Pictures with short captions
▬▬▬▬▬▬▬▬▬▬
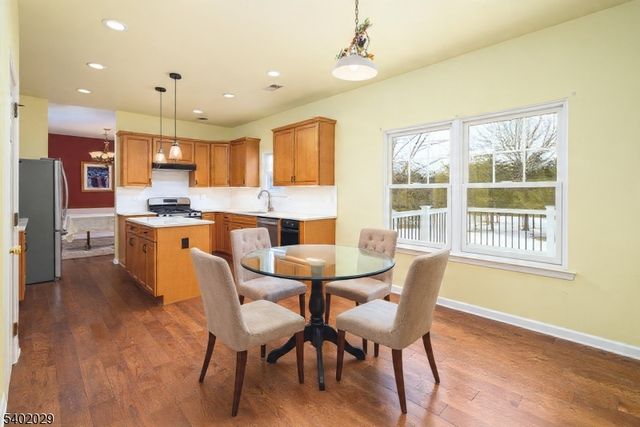 5 Clover Hills Dr, Franklin Twp., NJ 08873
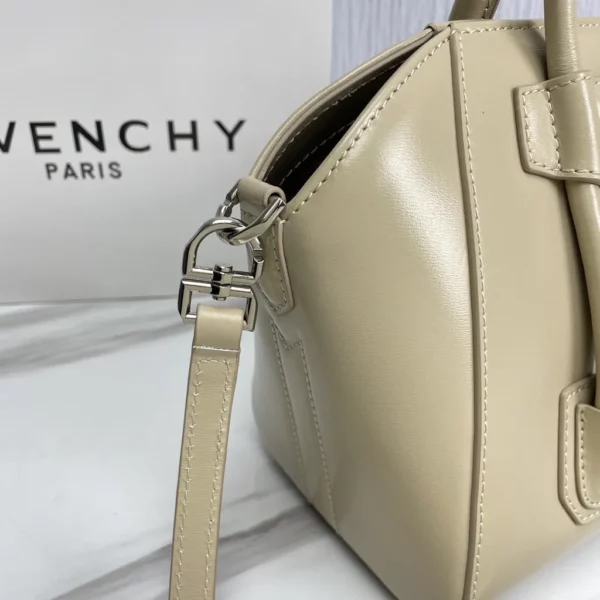 Givenchy bag - rep bags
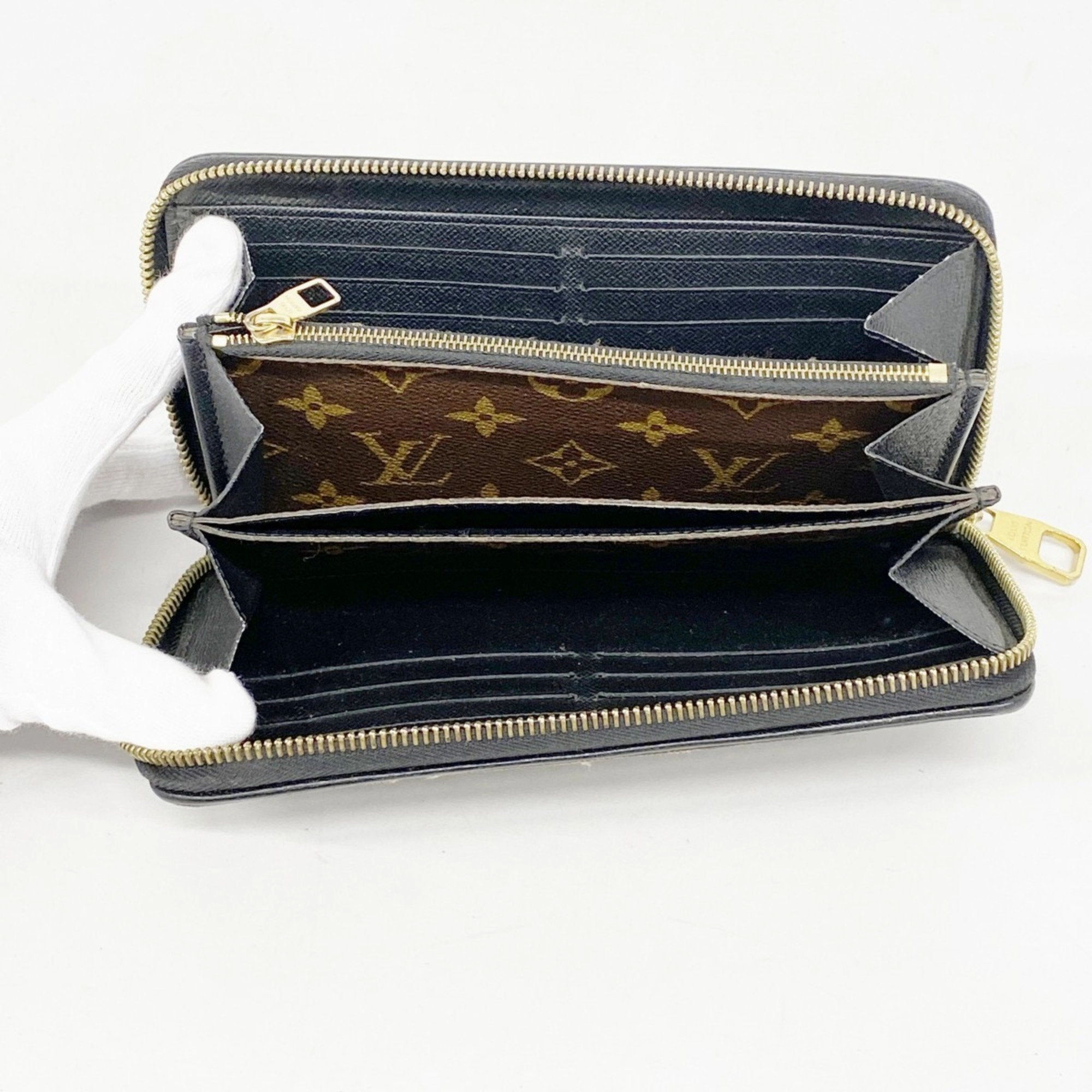 Louis Vuitton Noir Long Wallet (Bi-Fold) (Pre-Owned)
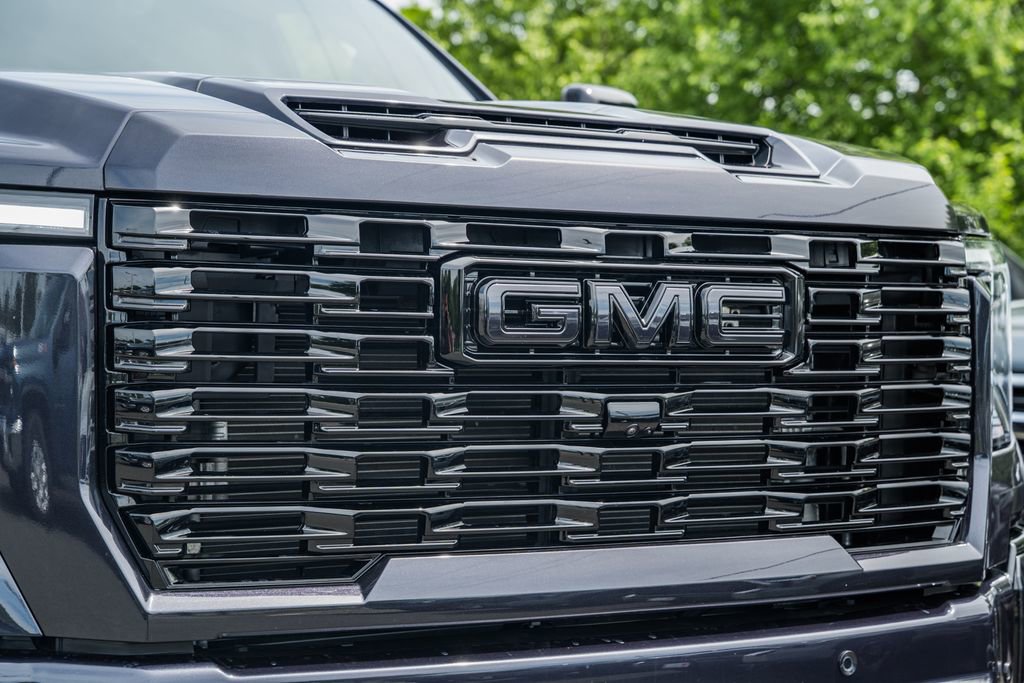 Used 2025 GMC Sierra 3500 Denali w/ Denali Reserve Package AWD/4WD image 11
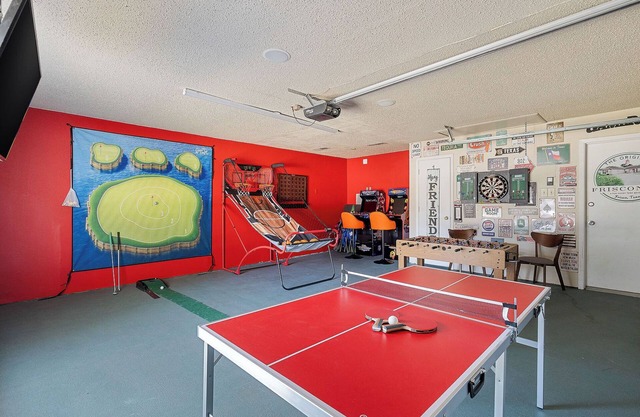 A Real Frisco Gem! Heart of the City+Hot Tub+Game Room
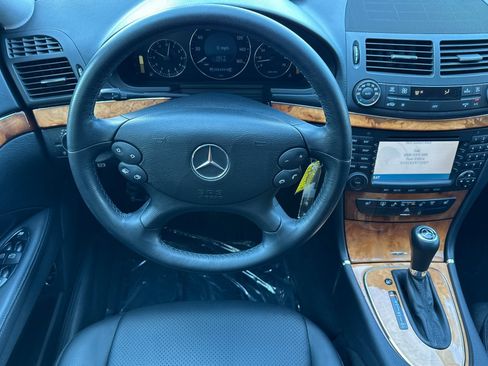 Used 2007 Mercedes-Benz E 350 Sedan image 28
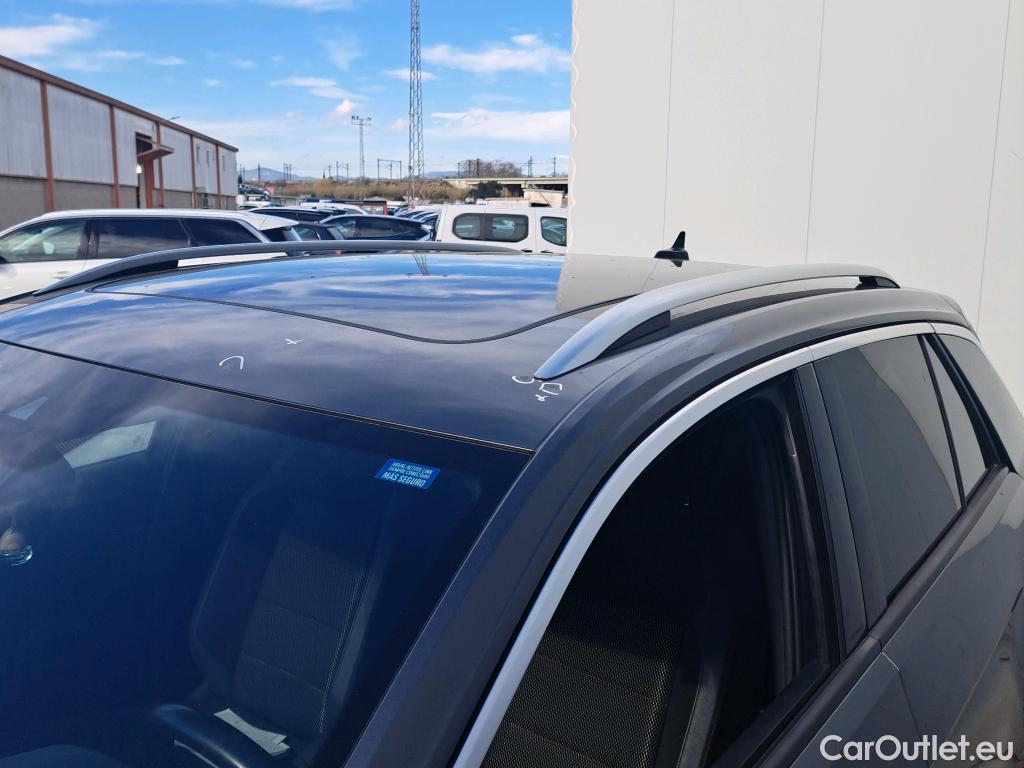  Volkswagen  T-ROC VOLKSWAGEN  / 2017 / 5P / todoterreno Sport 1.5 TSI 110kW (150CV) DSG #9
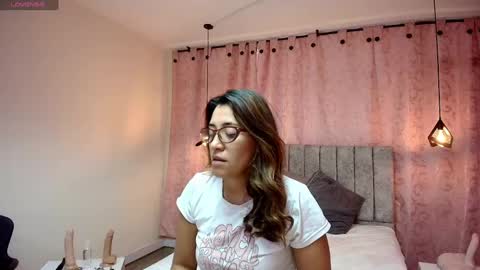 Snapshot of violetascott_ chatting on February 28, 12:42 pm VIOLETA online show from February 28, 12:42 pm
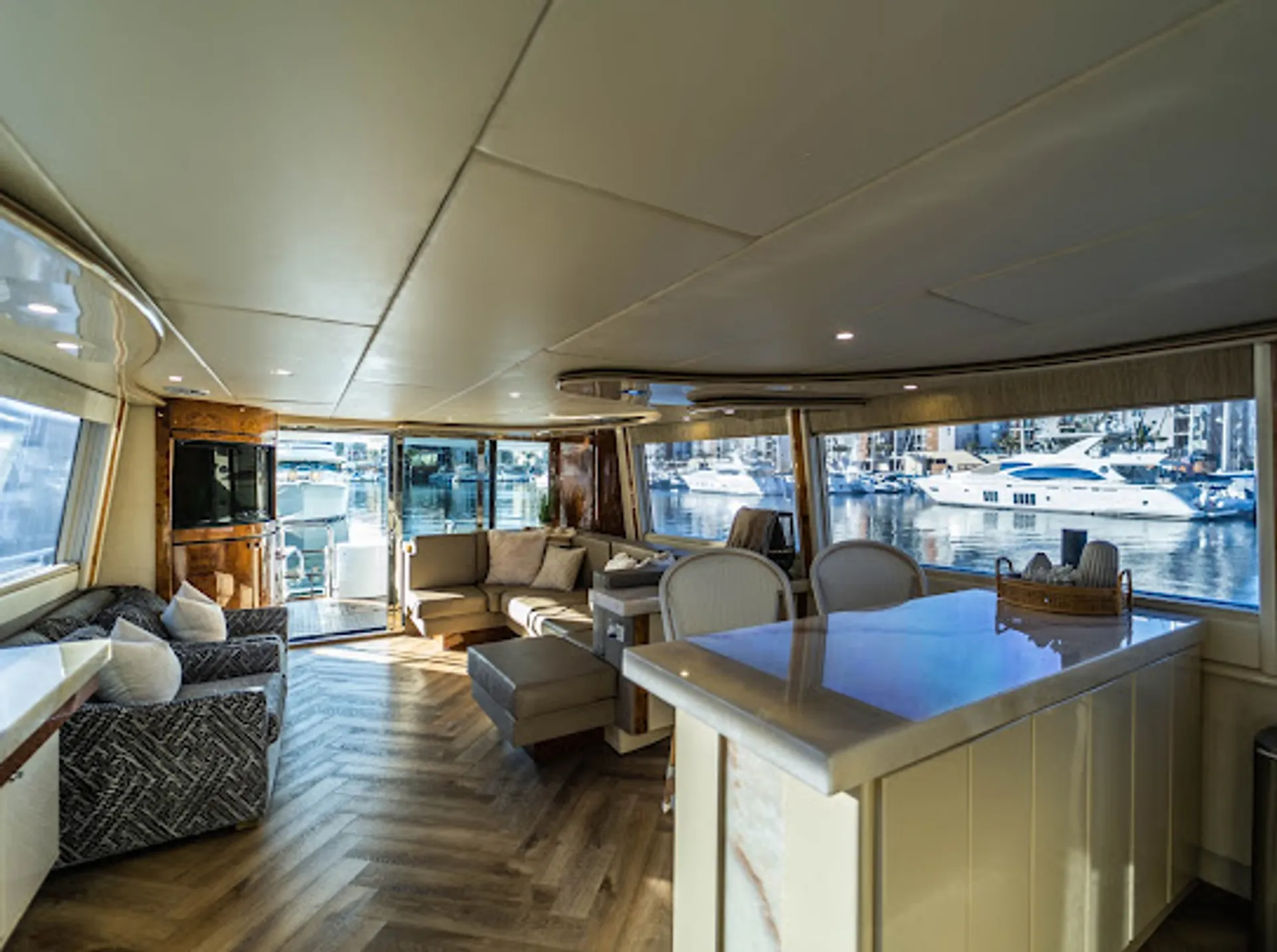 80 feet luxury cruiser yacht  lots of toys 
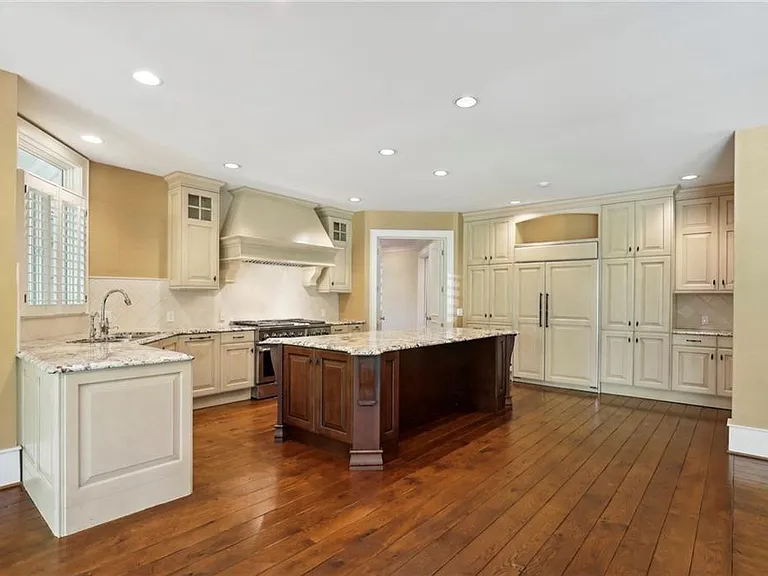 1965 W Wesley Rd NW — Photo 21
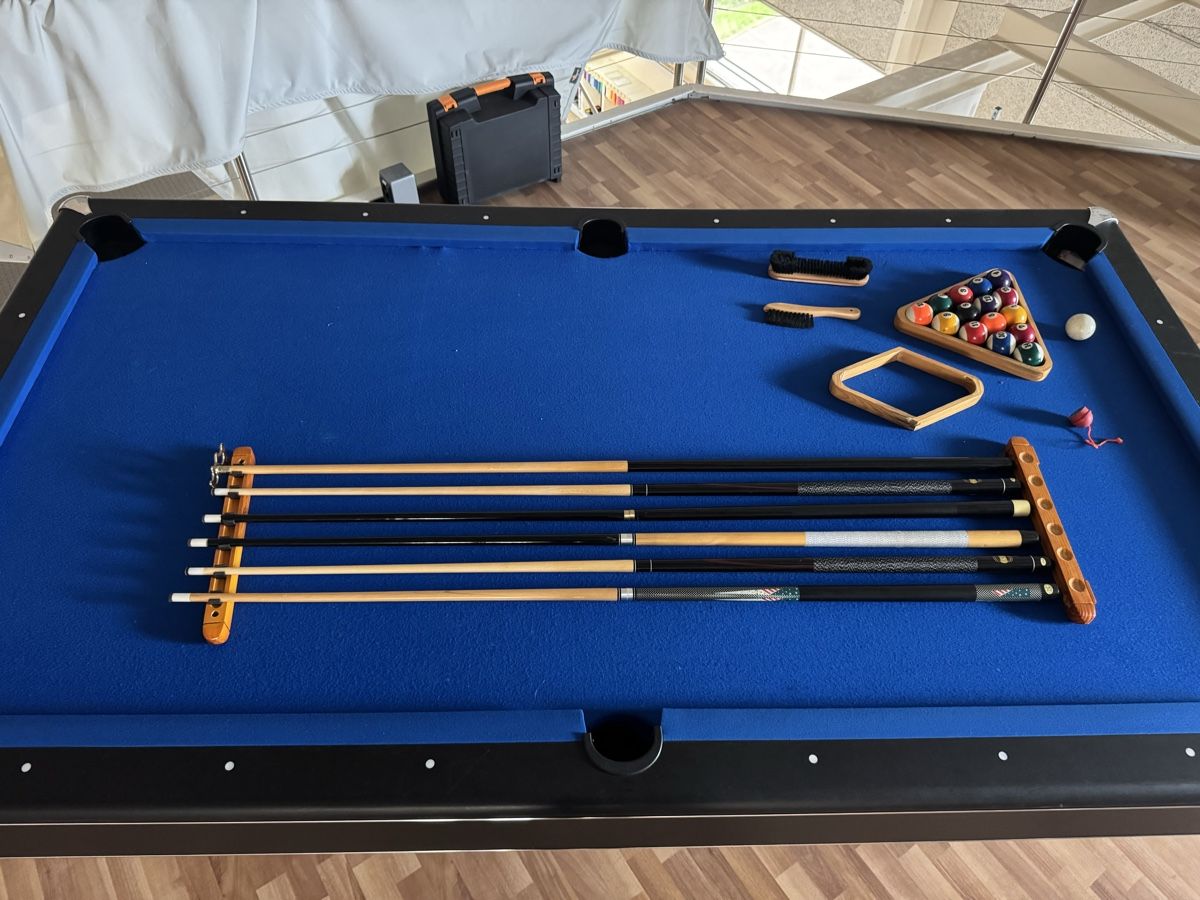 Billiardtische: Billardtisch – Gebraucht aus Bern von ava_l8tk 1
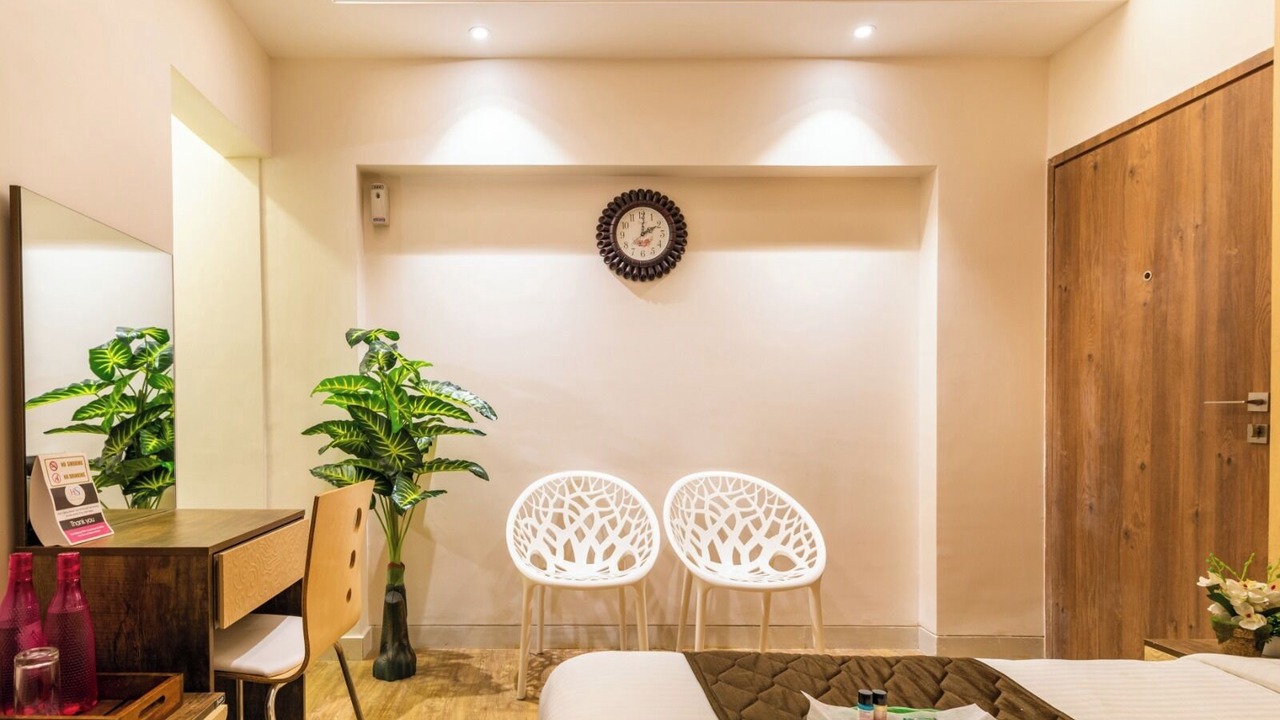Photo of Bedroom in Borivali East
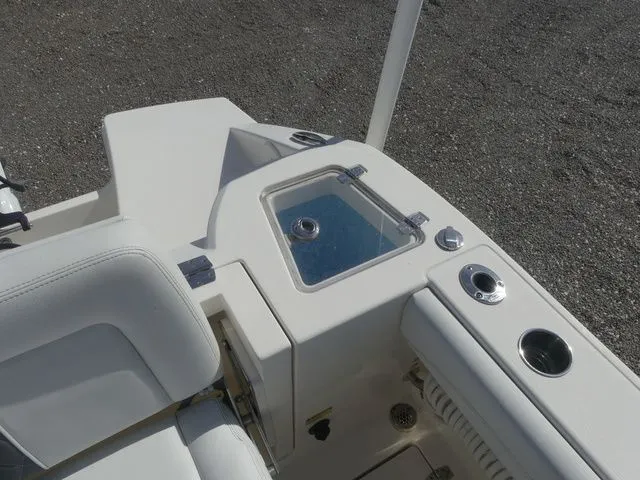 Slide: The Image of Cobia 240DC 2021 - 28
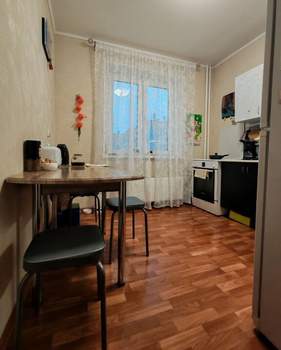 2-к квартира, вторичка, 56м2, 7/10 этаж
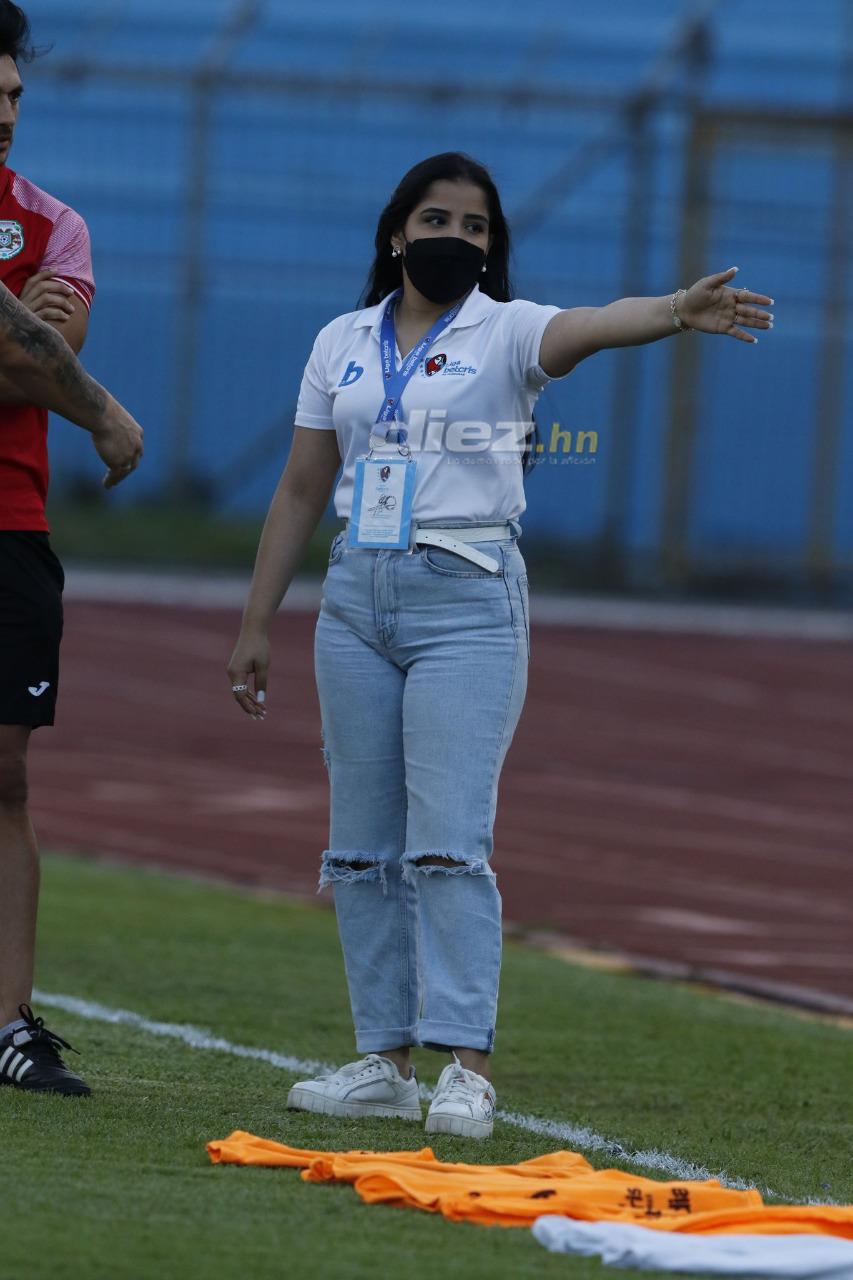 Semifinal llena de bellezas: Las hermosas chicas que engalanaron el Olímpico en el derbi sampedrano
▬▬▬▬▬▬▬▬▬▬
- What is required -
An exact reproduction of the data is required, with pictures excluded.

- Response to the exercise -
 5 Clover Hills Dr, Franklin Twp., NJ 08873
 Givenchy bag - rep bags
 Louis Vuitton Noir Long Wallet (Bi-Fold) (Pre-Owned)
 Used 2025 GMC Sierra 3500 Denali w/ Denali Reserve Package AWD/4WD image 11
 A Real Frisco Gem! Heart of the City+Hot Tub+Game Room
 Used 2007 Mercedes-Benz E 350 Sedan image 28
  Volkswagen  T-ROC VOLKSWAGEN  / 2017 / 5P / todoterreno Sport 1.5 TSI 110kW (150CV) DSG #9
 Snapshot of violetascott_ chatting on February 28, 12:42 pm VIOLETA online show from February 28, 12:42 pm
 80 feet luxury cruiser yacht  lots of toys 
 1965 W Wesley Rd NW — Photo 21
 Billiardtische: Billardtisch – Gebraucht aus Bern von ava_l8tk 1
Photo of Bedroom in Borivali East
 Slide: The Image of Cobia 240DC 2021 - 28
 2-к квартира, вторичка, 56м2, 7/10 этаж
 Semifinal llena de bellezas: Las hermosas chicas que engalanaron el Olímpico en el derbi sampedrano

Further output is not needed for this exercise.